ZipcodeZoo.com

InfoTags

A Step toward Self-Cleaning Data Distribution Systems

This page describes a project to capture user input on errors in data elements, efficiently share that user input, and correct those data elements.

Overview

A unit of information (“data element”) is added to a central database along with comments about that data element. To that data element is attached metadata that helps understand the original context of that data element. To the comments might be attached info about the author of the comment. The comments might pertain to the accuracy of that information. Interested parties could access the database, view data elements and comments, and possibly agree on the incorrectness of the data element, recording this in the database as well.

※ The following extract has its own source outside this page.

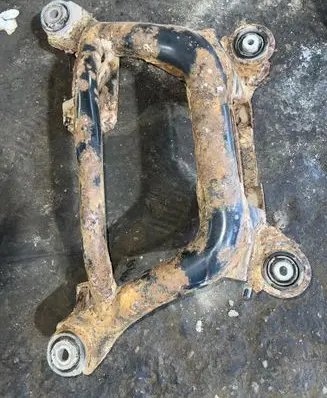 BMW 3 E46 Rear subframe 33316770865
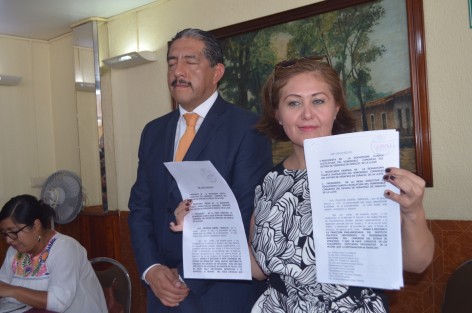 La diputada Eva Cadena en conferencia de prensa acompañada por su abogado, aseguró que el juicio sumario que quieren hacerle tanto por los diputados locales como federales y la FEPADE violenta sus derechos humanos. Pide un trato justo pues no se escuda en el fuero para afrontar sus problemas pero apegado a derecho.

At a later time, that party might issue a new data element.

Problems Addressed

The project is expected to solve 3 problems:

  1. DDT in the Food Chain. One set of facts that is of great importance to ZipcodeZoo is the observation data that we will be acquiring from GBIF and using for our maps. A published map of Panthera Leo (African Lion) makes it clear that we should question the accuracy of information about the geographic distribution of species in the wild. GBIF created none of these errors – they came up the food chain from their providers. If it is true that up to 30% of published observation records are wrong, that’s a lot of DDT in the food chain. The ideal system would allow data cleaning to move through the provider network even more efficiently than errors move through that network. And the ideal system would allow corrections to happen at any time, from any point in the network.
  2. Recurring Nightmares. In a partnership between a web site such as ZipcodeZoo or EOL and a data provider, regular transfers of data from one level of the system to the next are expected. ZipcodeZoo, for instance, will be importing 158 million GBIF records 6-12 times a year. A properly designed information tagging system could prevent errors from returning. Rather than manually clean an imported database of these returning errors, a site such as EOL or ZipcodeZoo could elect to not import or use any record with pending comments, or any record marked as “incorrect” by an appropriate party.
  3. Communication Mayhem. In a data provider network, one provider gathers information from other providers, organizes it and aggregates it, and passes this on to yet another provider. GBIF receives data from a provider such as a museum, and passes it on to a provider who will display it on a web site or otherwise use it. At the end of this process is a fourth party, a user viewing a web site such as EOL.org or ZipcodeZoo.com. That user might spot an error, and report it to someone, as happened recently. A Peace Corps volunteer in Mexico wrote ZipcodeZoo with this message: “University of Kansas has 2 specimens of Phrynosoma, one braconnieri and one taurus, from Puebla Mexico listed as being from Namibia. I have sent them a message about it but your database has picked up that error.” So she sent 2 messages, and ZipcodeZoo should now communicate with her, with GBIF, and with someone at the University of Kansas. The communication problem could be solved by allowing the user to send a comment directly to the central database, with the comment automatically attached to the questionable data element. At intervals, participants would review their commented records, and mark (some or all) for removal. Such a record would be replaced, rather than edited.

Plan for a Prototype

Here are preliminary notes for what we plan to do here at ZipcodeZoo, for the purpose of building a working prototype of a self-cleaning system.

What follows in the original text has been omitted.